# Bootstrap Aggregation

Although decision trees are a very porwerful, expresive and versatile algorihtm, they tend to suffer from high variance. This means that they pay too much attention to data, thus producing very different results based on the training examples they are fed with.

One way to counter this tendency of overfitting to the data is called __Bootstrap Aggregation__ or __Bagging__, for short. Bagging is an ensemble method, which means that it is an algorithm that makes use of several predictors, combine their outputs in some way and then return a final, unified prediction. 

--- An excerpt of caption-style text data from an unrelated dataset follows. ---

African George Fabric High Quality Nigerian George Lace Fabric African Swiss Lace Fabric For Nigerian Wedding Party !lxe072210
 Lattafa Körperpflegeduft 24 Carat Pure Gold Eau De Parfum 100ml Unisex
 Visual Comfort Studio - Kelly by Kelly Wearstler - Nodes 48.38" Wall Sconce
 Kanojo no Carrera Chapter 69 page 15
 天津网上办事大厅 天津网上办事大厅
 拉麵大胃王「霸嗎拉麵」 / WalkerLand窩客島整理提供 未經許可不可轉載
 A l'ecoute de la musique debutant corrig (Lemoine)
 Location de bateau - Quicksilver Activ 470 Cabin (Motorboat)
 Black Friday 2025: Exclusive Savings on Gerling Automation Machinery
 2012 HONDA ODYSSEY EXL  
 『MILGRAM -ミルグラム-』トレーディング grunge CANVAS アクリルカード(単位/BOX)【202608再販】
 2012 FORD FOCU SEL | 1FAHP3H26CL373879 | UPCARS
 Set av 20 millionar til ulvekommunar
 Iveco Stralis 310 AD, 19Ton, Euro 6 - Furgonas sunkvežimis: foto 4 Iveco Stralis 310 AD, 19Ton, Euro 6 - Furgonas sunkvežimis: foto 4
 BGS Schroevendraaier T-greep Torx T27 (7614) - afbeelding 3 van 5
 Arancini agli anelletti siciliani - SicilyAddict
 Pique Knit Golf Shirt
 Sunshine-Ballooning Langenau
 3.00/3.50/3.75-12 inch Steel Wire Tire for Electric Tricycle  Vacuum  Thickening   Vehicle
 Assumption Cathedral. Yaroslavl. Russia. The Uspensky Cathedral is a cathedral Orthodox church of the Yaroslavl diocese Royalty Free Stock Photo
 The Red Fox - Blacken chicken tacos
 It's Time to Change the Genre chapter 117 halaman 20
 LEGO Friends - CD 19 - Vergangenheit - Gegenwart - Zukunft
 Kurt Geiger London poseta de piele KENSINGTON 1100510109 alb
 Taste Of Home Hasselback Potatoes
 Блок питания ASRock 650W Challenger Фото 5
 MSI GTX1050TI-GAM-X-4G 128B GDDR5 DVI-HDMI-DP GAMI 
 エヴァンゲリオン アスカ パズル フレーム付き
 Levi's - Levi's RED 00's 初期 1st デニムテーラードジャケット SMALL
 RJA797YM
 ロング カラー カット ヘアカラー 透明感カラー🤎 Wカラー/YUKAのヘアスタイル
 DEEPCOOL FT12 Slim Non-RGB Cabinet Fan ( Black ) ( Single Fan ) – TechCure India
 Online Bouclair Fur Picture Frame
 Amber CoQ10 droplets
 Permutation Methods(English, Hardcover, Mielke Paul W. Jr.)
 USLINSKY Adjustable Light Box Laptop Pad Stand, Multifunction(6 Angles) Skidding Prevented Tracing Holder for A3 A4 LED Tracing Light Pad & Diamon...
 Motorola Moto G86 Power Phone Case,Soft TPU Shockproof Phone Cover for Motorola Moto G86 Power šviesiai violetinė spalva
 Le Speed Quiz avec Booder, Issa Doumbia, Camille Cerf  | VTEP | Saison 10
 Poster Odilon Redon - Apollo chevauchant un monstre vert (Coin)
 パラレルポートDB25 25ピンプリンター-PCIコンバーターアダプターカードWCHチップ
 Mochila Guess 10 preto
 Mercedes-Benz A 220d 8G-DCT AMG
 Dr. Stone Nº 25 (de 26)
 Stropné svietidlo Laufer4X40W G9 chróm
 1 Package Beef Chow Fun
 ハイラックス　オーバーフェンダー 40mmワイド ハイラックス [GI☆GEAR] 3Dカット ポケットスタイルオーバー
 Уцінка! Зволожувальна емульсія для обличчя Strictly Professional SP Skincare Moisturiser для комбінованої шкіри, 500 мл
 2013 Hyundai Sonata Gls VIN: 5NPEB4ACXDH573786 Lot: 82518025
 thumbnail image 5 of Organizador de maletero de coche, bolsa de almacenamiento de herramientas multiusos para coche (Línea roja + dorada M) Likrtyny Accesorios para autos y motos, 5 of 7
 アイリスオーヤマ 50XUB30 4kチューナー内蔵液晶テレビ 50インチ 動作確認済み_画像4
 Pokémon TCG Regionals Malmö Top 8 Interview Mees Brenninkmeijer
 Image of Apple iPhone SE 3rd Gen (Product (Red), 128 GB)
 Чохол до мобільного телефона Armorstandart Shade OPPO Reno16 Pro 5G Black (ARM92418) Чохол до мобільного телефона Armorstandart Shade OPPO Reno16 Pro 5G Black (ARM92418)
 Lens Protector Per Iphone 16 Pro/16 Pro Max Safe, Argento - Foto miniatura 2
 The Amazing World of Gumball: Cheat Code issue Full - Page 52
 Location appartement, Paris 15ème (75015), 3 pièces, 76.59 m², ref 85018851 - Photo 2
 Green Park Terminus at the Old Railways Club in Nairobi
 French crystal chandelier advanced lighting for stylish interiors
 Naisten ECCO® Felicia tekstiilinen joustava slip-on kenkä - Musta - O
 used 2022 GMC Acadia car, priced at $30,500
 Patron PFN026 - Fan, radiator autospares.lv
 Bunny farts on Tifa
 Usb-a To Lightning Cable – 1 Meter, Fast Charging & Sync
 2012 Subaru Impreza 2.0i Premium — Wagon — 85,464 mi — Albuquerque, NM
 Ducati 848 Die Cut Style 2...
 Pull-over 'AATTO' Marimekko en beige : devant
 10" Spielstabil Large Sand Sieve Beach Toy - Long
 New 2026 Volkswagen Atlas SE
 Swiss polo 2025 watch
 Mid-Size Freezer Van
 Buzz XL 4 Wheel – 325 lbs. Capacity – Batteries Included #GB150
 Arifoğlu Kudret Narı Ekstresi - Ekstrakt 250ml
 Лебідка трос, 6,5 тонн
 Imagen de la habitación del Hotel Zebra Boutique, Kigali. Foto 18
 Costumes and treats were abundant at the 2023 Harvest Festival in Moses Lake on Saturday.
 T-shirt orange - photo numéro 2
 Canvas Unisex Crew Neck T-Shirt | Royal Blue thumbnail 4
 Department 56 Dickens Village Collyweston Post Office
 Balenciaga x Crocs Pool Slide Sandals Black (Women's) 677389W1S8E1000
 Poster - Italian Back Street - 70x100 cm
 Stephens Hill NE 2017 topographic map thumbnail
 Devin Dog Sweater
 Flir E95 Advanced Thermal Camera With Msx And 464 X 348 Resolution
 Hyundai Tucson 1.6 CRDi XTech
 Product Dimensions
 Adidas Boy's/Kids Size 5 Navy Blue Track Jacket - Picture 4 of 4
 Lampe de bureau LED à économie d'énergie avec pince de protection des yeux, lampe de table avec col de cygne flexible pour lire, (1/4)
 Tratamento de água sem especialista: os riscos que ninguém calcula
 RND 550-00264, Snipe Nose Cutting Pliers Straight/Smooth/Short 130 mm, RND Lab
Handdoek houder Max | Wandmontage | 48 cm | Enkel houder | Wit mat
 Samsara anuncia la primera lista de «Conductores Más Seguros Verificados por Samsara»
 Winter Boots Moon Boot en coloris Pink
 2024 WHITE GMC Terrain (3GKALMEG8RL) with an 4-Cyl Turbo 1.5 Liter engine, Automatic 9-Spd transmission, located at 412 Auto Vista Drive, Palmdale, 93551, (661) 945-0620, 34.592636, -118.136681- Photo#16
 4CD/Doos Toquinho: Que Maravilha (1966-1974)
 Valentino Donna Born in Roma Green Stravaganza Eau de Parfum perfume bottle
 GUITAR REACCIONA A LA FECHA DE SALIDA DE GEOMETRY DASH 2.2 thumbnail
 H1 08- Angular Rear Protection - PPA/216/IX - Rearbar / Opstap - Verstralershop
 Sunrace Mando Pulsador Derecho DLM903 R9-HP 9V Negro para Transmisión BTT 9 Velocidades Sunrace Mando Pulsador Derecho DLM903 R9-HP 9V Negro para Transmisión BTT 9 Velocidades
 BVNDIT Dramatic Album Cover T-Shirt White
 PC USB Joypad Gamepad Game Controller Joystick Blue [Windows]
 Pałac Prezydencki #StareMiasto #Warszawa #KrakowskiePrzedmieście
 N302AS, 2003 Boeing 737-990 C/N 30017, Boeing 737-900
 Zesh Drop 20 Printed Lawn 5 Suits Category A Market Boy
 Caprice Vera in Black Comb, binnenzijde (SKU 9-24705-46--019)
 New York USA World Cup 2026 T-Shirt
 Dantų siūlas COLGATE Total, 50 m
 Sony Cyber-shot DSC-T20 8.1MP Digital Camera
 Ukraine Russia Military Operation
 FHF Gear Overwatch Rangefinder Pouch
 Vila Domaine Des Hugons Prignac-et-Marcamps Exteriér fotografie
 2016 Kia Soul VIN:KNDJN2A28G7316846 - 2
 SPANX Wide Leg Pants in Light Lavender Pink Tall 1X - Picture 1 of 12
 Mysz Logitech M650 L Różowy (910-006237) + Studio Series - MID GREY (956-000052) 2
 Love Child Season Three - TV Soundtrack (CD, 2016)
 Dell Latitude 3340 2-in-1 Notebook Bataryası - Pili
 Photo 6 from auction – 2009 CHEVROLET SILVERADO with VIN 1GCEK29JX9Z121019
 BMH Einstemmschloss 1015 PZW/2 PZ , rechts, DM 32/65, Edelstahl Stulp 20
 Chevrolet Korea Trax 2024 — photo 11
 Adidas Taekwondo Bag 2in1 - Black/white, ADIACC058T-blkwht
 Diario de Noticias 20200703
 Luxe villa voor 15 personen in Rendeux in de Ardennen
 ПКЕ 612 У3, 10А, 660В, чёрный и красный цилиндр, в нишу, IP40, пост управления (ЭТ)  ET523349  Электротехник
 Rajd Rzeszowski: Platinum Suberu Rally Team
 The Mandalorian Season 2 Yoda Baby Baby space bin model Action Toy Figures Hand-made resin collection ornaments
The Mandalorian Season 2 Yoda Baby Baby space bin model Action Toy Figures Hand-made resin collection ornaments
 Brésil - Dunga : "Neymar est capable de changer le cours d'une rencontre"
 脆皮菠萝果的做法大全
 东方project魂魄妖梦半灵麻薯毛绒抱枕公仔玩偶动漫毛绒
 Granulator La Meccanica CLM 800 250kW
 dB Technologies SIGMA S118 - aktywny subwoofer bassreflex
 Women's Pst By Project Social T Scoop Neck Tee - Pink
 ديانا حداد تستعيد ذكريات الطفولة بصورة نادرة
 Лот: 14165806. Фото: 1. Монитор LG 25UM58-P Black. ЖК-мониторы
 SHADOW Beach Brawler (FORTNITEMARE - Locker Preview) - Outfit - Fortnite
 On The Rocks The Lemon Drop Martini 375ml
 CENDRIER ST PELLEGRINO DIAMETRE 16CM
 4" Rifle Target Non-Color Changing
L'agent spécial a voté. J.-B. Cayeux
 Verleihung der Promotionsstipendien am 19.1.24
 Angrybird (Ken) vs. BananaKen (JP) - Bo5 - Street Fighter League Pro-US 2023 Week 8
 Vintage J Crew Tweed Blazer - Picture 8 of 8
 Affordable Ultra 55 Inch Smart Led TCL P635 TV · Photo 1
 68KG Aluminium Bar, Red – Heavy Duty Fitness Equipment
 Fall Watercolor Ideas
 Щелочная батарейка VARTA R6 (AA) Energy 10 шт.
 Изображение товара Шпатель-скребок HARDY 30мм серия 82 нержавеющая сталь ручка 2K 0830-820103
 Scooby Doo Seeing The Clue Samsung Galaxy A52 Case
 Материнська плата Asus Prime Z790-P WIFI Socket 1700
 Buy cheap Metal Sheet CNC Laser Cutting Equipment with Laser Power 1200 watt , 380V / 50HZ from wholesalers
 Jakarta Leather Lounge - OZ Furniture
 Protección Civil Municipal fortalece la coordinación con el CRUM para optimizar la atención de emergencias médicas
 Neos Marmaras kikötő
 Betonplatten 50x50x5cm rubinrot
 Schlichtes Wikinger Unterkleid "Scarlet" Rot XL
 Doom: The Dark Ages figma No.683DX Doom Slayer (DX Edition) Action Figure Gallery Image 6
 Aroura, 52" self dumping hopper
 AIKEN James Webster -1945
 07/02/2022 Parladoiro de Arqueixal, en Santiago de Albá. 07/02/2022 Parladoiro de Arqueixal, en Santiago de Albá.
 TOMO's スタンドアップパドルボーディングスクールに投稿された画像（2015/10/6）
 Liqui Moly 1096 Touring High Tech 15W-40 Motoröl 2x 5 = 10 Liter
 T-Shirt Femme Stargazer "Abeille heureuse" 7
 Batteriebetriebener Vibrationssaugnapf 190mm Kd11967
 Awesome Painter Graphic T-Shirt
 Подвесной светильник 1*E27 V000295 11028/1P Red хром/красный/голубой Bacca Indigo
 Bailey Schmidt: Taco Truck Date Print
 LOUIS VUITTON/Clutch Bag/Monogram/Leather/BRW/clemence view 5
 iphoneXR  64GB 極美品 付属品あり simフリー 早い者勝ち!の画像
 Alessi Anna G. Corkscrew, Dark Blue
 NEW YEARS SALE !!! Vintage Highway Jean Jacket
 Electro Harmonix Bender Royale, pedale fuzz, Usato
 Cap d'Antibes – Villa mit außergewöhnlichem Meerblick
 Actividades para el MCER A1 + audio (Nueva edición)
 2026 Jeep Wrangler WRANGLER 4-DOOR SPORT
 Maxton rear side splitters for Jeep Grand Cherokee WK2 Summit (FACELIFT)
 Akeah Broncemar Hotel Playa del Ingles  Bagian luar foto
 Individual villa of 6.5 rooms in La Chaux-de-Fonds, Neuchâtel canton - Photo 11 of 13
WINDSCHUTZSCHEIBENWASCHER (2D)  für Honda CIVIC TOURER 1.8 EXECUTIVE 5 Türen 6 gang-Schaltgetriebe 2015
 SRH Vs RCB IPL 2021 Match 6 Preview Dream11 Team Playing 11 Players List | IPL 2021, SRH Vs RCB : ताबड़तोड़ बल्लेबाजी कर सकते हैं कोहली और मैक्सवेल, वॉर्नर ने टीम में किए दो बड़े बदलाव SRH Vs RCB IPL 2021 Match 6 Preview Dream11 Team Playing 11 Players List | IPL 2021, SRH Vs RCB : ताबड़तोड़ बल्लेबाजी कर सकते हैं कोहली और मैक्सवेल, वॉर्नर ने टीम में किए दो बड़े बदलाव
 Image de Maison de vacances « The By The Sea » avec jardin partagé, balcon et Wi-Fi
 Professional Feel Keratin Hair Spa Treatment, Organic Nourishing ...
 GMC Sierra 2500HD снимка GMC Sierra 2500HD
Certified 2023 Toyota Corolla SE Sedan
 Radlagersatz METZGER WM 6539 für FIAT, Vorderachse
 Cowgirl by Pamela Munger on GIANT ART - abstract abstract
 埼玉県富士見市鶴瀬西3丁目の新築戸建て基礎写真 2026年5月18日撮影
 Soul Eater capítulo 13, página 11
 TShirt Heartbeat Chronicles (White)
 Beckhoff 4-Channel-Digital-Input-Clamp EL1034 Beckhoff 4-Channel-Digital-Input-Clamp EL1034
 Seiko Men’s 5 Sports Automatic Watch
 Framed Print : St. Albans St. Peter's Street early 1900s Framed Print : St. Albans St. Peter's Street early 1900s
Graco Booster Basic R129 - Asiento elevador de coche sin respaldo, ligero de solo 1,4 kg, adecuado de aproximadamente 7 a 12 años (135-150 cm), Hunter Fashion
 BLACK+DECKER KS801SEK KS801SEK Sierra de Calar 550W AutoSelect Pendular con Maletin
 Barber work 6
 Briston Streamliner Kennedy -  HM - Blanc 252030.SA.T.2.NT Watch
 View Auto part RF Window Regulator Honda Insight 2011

What is __bootstrap__? It is just a sample of a dataset with replacement. Put more simply, we can select a subset of training examples from a dataset, and any given row can be re-selected at any point in the future for any other subset.

Then, Bagging consists of training a given number of decision trees on different _bootstraps_ of data and then combining their predictions. 

Given the characteristics of Bagging, it is a very useful approach when we do not have a lot of data available!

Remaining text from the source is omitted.